= Problem statement =
Restate every line below word for word, but drop each picture.

= Input data =
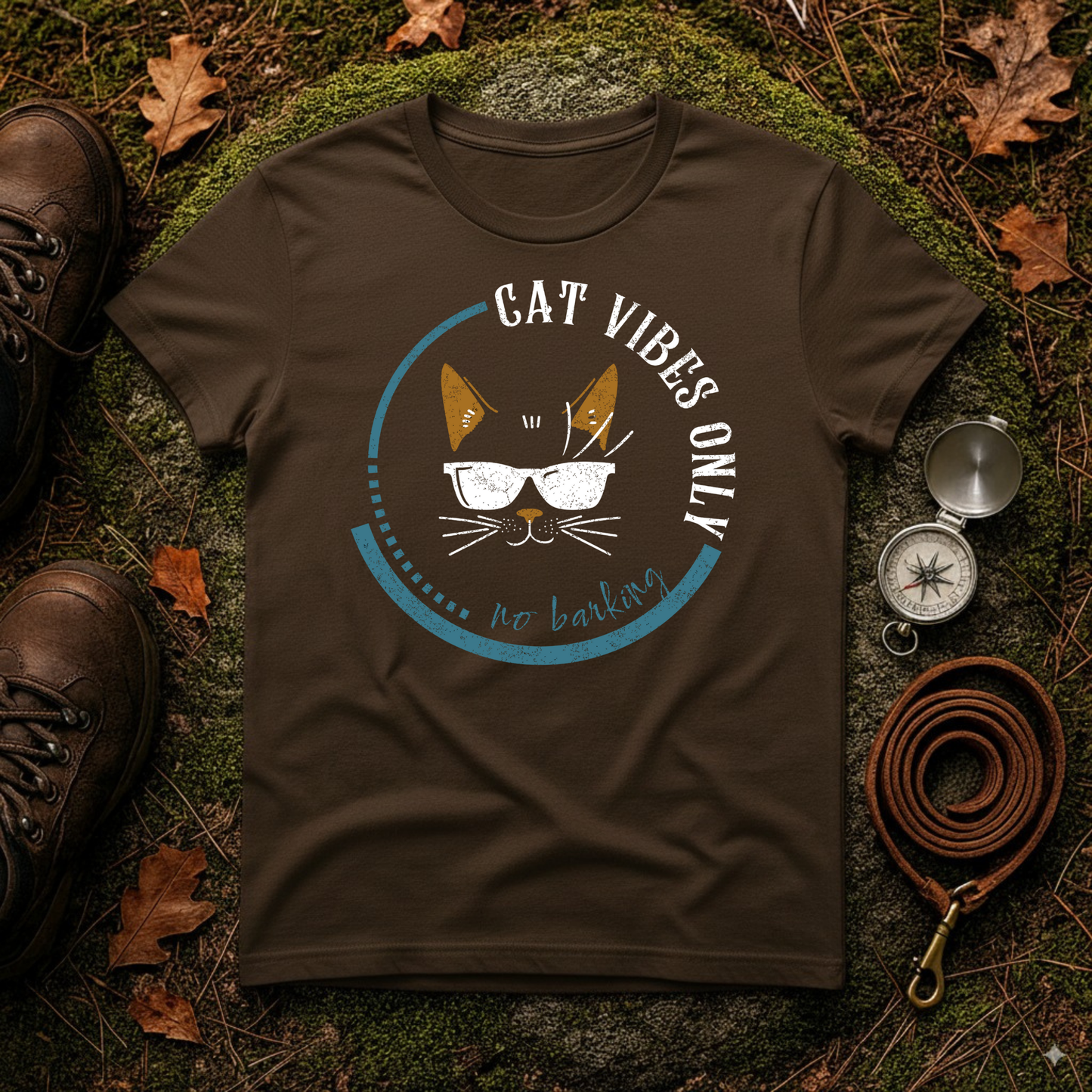 Cat Vibes Only Tee – Funny Cat Lover Shirt, No Barking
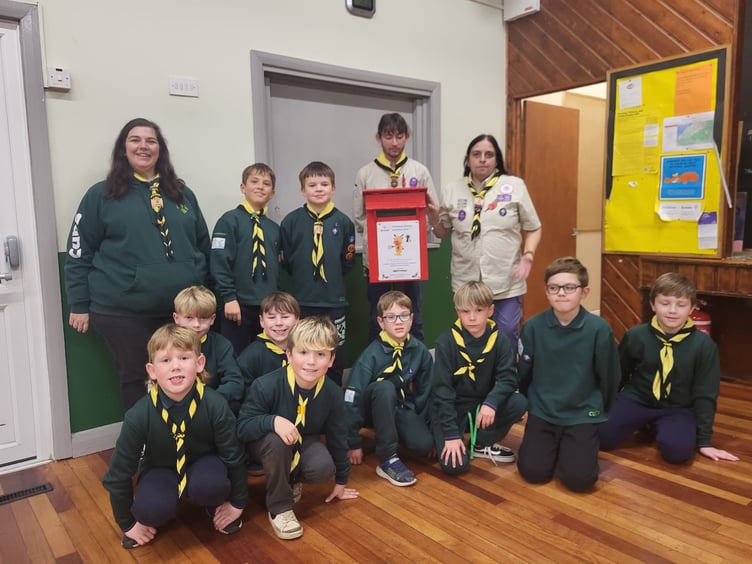 The Midsomer Norton and Radstock scouts gearing up for their annual Christmas post.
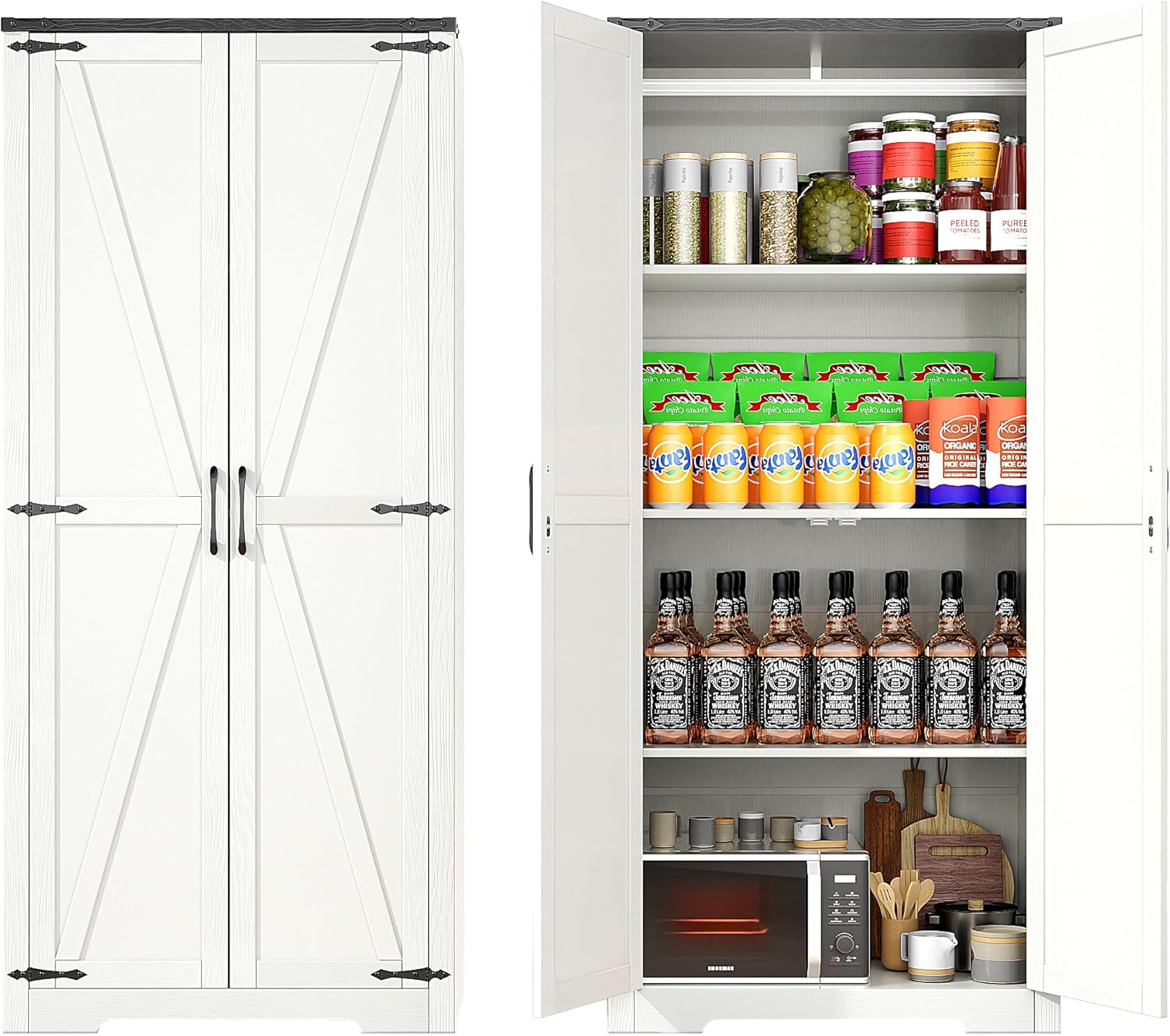 Wardrobe Closet with Doors, 72" Armoire Wardrobe Cabinet, White Bedroom Storage Cabinet with Hanging Rod for Kitchen, Pantry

= Exercise answer =
 Cat Vibes Only Tee – Funny Cat Lover Shirt, No Barking
 The Midsomer Norton and Radstock scouts gearing up for their annual Christmas post.
 Wardrobe Closet with Doors, 72" Armoire Wardrobe Cabinet, White Bedroom Storage Cabinet with Hanging Rod for Kitchen, Pantry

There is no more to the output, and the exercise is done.